---- Data for processing

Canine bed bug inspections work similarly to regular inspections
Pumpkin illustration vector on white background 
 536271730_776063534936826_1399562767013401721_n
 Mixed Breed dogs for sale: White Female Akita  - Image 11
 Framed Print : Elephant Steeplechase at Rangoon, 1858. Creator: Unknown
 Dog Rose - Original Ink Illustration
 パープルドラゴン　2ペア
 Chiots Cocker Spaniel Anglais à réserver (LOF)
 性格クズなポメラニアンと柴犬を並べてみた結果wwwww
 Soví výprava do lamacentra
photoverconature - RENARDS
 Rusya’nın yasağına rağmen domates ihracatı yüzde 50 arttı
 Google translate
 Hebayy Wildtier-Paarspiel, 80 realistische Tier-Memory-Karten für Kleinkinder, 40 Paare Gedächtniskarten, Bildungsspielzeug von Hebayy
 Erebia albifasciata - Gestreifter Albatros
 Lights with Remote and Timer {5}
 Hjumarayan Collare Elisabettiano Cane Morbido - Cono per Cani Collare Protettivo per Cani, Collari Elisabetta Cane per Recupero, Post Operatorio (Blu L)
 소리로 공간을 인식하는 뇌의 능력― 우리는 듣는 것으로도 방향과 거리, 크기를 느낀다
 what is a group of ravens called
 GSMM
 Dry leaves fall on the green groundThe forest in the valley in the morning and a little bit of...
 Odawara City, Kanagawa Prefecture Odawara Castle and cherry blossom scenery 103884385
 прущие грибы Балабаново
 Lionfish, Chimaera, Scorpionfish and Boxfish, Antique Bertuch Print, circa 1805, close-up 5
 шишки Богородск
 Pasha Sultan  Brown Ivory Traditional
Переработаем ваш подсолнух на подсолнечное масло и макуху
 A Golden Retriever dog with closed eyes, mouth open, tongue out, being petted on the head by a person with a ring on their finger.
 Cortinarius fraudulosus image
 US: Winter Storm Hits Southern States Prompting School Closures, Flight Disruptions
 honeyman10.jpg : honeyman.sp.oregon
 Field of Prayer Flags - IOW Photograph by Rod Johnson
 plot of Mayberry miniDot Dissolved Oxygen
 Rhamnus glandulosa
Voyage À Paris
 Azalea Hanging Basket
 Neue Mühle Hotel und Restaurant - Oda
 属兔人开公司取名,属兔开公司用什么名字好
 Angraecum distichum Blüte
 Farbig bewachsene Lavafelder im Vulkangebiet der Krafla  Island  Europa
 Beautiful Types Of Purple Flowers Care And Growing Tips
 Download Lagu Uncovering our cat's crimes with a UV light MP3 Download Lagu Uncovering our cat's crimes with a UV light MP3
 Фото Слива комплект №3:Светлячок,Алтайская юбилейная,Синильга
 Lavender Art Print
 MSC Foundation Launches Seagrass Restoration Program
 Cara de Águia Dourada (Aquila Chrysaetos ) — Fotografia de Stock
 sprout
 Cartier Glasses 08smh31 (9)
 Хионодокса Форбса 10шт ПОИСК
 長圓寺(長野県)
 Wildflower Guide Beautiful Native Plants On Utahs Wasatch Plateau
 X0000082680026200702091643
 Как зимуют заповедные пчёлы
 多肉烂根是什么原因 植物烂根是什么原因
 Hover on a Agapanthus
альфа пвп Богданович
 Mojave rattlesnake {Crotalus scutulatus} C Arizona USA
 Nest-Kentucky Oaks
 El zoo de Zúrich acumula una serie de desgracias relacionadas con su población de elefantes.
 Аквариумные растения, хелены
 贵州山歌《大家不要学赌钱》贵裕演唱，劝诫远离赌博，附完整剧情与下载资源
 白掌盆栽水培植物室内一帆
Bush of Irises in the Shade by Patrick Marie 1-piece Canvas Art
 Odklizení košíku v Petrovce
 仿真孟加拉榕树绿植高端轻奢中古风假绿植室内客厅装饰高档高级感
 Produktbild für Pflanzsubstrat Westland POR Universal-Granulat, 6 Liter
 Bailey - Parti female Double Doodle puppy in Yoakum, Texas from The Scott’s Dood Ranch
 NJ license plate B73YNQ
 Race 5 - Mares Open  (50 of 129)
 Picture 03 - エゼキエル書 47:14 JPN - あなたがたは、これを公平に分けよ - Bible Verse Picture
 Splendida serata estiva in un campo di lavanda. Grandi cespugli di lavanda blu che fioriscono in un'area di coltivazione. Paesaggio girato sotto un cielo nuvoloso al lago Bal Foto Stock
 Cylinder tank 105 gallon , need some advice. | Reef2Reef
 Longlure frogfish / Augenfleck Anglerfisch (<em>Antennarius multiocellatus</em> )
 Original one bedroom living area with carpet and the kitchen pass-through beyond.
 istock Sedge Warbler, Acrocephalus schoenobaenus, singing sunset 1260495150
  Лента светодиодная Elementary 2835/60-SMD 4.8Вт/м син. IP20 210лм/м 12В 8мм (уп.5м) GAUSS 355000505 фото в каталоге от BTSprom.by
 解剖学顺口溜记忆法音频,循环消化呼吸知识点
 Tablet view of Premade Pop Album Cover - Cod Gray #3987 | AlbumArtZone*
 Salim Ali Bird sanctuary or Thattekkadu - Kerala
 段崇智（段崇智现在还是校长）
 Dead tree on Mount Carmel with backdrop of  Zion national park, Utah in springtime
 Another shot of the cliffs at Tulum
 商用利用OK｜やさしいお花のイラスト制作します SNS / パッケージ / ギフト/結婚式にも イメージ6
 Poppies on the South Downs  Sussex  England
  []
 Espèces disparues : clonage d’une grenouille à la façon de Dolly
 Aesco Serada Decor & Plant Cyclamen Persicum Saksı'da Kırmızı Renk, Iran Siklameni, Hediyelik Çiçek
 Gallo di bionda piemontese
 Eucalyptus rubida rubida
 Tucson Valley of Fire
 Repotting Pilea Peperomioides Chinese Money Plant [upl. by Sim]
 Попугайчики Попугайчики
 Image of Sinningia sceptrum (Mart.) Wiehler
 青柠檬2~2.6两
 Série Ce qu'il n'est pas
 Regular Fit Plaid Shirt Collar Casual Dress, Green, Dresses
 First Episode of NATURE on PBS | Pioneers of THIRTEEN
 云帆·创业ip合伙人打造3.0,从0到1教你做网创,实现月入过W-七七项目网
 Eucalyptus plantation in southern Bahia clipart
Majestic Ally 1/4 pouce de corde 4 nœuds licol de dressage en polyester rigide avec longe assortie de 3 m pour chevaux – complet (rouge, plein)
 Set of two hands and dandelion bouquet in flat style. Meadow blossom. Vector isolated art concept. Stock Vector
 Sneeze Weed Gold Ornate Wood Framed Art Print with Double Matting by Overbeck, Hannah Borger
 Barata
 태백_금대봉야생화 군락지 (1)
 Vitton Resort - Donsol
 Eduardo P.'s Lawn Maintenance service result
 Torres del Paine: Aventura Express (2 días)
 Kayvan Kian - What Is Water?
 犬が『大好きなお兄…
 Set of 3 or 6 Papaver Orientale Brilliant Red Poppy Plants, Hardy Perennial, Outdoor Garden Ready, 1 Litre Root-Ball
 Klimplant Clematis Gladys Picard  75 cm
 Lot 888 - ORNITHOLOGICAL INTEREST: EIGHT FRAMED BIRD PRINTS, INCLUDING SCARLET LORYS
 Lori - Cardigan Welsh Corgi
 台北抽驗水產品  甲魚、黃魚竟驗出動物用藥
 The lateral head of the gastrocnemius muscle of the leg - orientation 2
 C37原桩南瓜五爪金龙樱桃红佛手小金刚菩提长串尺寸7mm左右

--------

▸ **Problem details**
Give again, exactly, every line from the one holding "Kayvan Kian - What Is Water?" to the last line of the data.

▸ **Exercise result**
 Kayvan Kian - What Is Water?
 犬が『大好きなお兄…
 Set of 3 or 6 Papaver Orientale Brilliant Red Poppy Plants, Hardy Perennial, Outdoor Garden Ready, 1 Litre Root-Ball
 Klimplant Clematis Gladys Picard  75 cm
 Lot 888 - ORNITHOLOGICAL INTEREST: EIGHT FRAMED BIRD PRINTS, INCLUDING SCARLET LORYS
 Lori - Cardigan Welsh Corgi
 台北抽驗水產品  甲魚、黃魚竟驗出動物用藥
 The lateral head of the gastrocnemius muscle of the leg - orientation 2
 C37原桩南瓜五爪金龙樱桃红佛手小金刚菩提长串尺寸7mm左右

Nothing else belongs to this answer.